If you have been to a queer event in Philly in the past year, you know Kyle Firestone. He’s the friendly face behind the DJ booth playing anything from house to techno and anything else on the electronic spectrum. His forays have made him a gay household name, same with his events – Polari and Original Flavors, hosted in conjunction with local promoter Schrock Candy.
We caught up with Kyle as he prepares for his huge Polari Pride Pool Party at the W Philadelphia on their amazing Wet Deck.
What does polari mean?
Historically, Polari is a language that borrows from many languages. There are words in Italian, English, Romani, Yiddish, Latin, and even pig-Latin! There’s a rich history of queer people using this language to communicate with each other in “daylight,” so to speak. However, Polari, as the event series, is a celebration of queerness.
What would you say is the mission of polari?
The idea started out as a way for me to translate my own perception of my queerness, into my love for music and DJing. The mission now—though it’s been less than a full year—is to provide a safe and inclusive space for all queer people to exist and live life unapologetically. My intentions for Polari are to showcase queer art, namely music, but hopefully more in due time.
What’s coming up for pride?
There’s many pride activities in the works! For Polari events specifically, there’s three Pride-related events of 2022.

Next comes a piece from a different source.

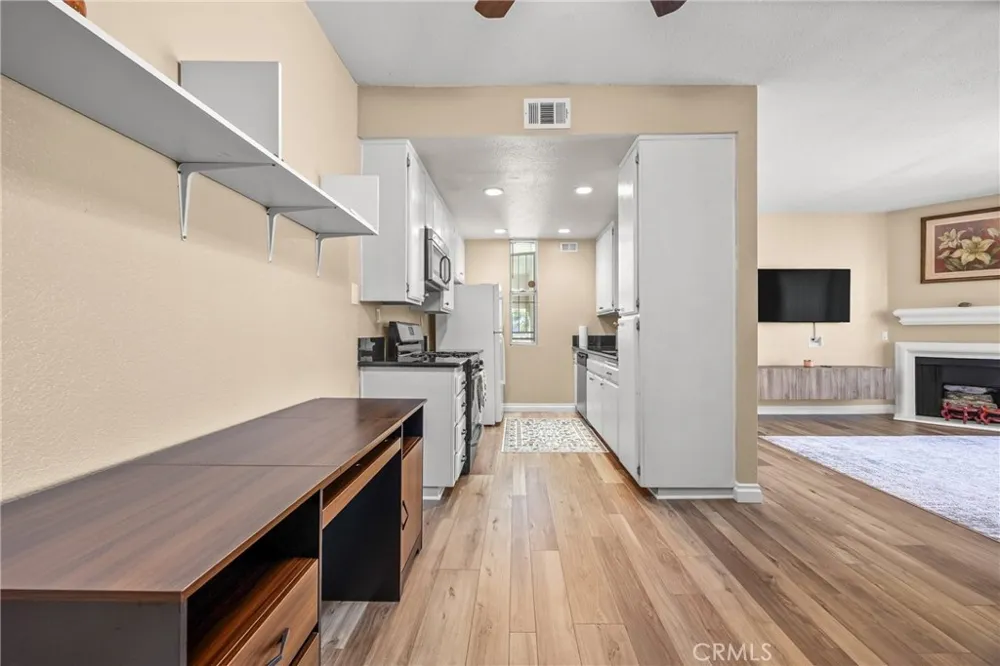2817 W Avenue K12 #250 Lancaster, CA 93536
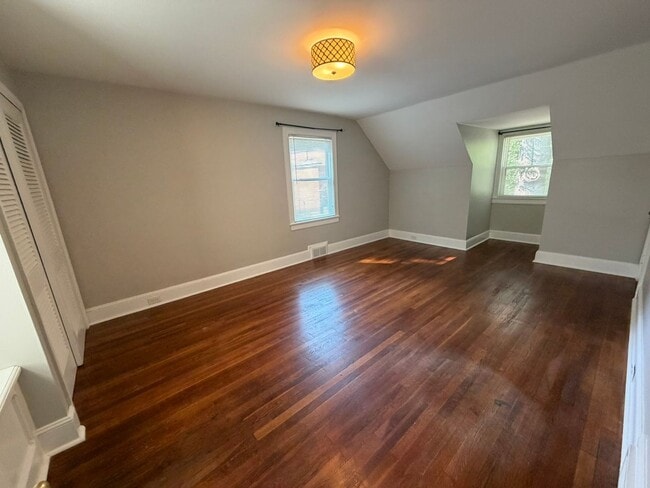 Building Photo - 208 Woodland Dr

- June 4th, 12 pm – 11 pm, at The W Hotel is Poolari with music from me (Firestone), Wassupgina, Urbankowboi, and Taylor Hodges. There will also be a fashion show by designer Elias Gurrola and some drag performances from Icon Ebony Fierce and Pi.
- June 5th, 12 pm – 7 pm, in the Gayborhood at 13th and Locust is a Pride Day Party powered by BOS and SWAY, featuring Polari, SWAY, BOS, Solar Sounds, and DJ Kirk. Genres include disco, hip-hop, house, circuit, and top 40s remixes. Wassupgina is playing for the Polari slot and may bring a special b2b guest.
What kind of music will one hear at polari?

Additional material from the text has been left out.